Other warnings/precautions:

- Hyperlipidemia: Secondary causes of hyperlipidemia should be ruled out prior to therapy.

- Optimal response: Therapy should be withdrawn if an adequate response is not obtained after 2-3 months of therapy at the maximal daily dose. In patients with severe hypertriglyceridemia, the occurrence of pancreatitis may represent a failure of efficacy.


Pregnancy Risk Factor

C


Pregnancy Considerations

Adverse events were observed in animal reproduction studies. When treatment is required during pregnancy, other agents are preferred (NCEP, 2002).


Actions


Pharmacology

Fenofibric acid, an agonist for the nuclear transcription factor peroxisome proliferator-activated receptor-alpha (PPAR-alpha), downregulates apoprotein C-III (an inhibitor of lipoprotein lipase) and upregulates the synthesis of apolipoprotein A-I, fatty acid transport protein, and lipoprotein lipase resulting in an increase in VLDL catabolism, fatty acid oxidation, and elimination of triglyceride-rich particles; as a result of a decrease in VLDL levels, total plasma triglycerides are reduced by 30% to 60%; modest increased in HDL occurs in some hypertriglyceridemia patients.


Absorption

Well absorbed


Metabolism

Fenofibric acid (active form) undergoes inactivation by glucuronidation. The choline salt dissociates in the GI tract to form fenofibric acid (free acid)


Excretion

Urine (as fenofibric acid and fenofibric acid glucuronide)


Time to Peak

Fibricor ‚ ®: ~ 2.5 hours; TriLipix ¢ „ ¢: 4-5 hours


Half-Life Elimination

~20 hours


Protein Binding

~99%


Patient and Family Education


Patient Education

- Discuss specific use of drug and side effects with patient as it relates to treatment. (HCAHPS: During this hospital stay, were you given any medicine that you had not taken before? Before giving you any new medicine, how often did hospital staff tell you what the medicine was for? How often did hospital staff describe possible side effects in a way you could understand?)

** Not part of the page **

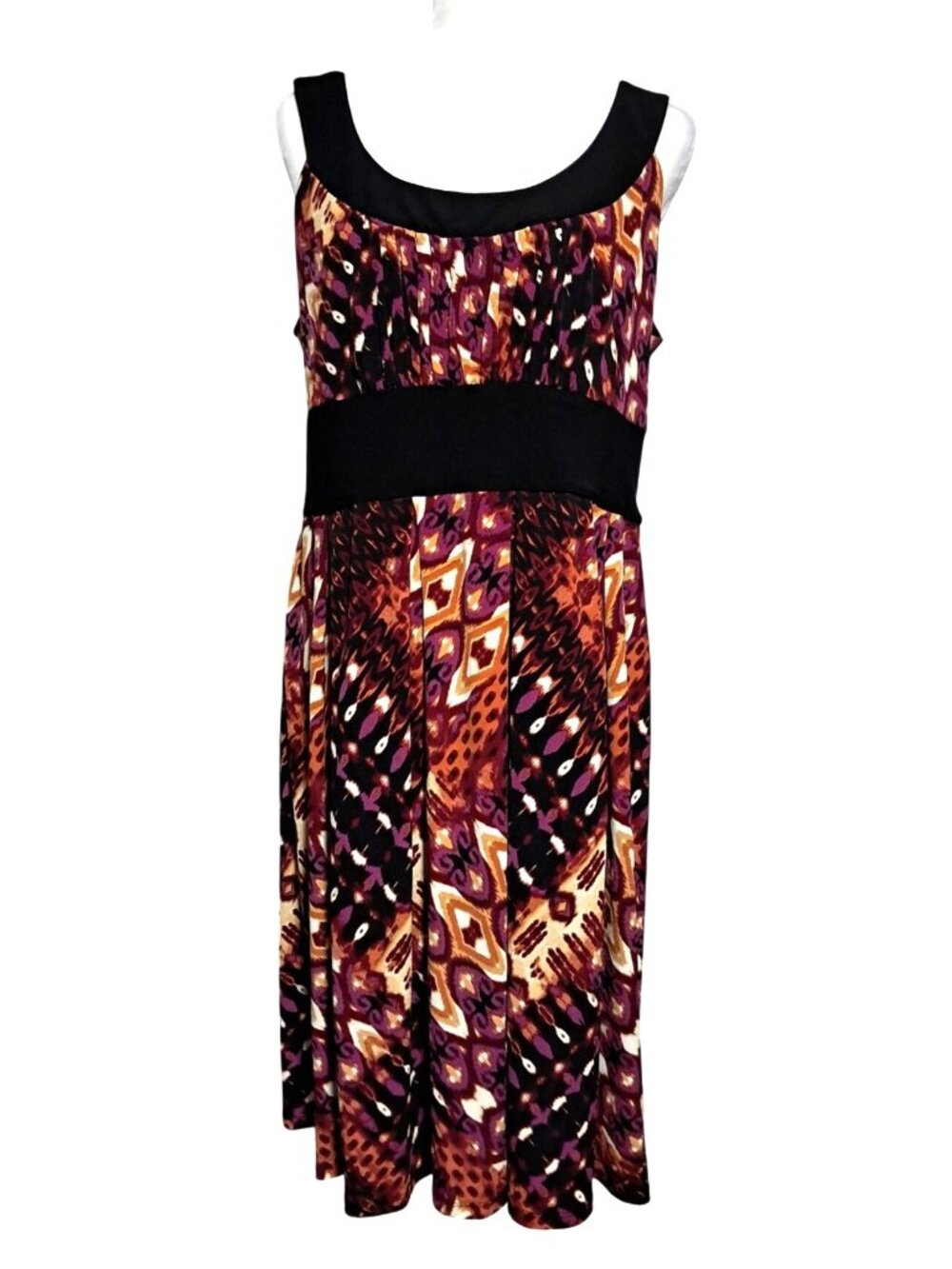 Sleeveless Empire Dress Multicolor Abstract Pattern Womens XL by Tiana B Polyest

- Patient may experience headache, dyspepsia, pyrosis, or nausea. Have patient report immediately to prescriber severe asthenia, considerable fatigue, inability to eat, discolored urine, jaundice, or rash (HCAHPS).

- Educate patient about signs of a significant reaction (eg, wheezing; chest tightness; fever; itching; bad cough; blue skin color; seizures; or swelling of face, lips, tongue, or throat). Note: This is not a comprehensive list of all side effects. Patient should consult prescriber for additional questions.

Intended Use and Disclaimer: Should not be printed and given to patients. This information is intended to serve as a concise initial reference for healthcare professionals to use when discussing medications with a patient. You must ultimately rely on your own discretion, experience and judgment in diagnosing, treating and advising patients.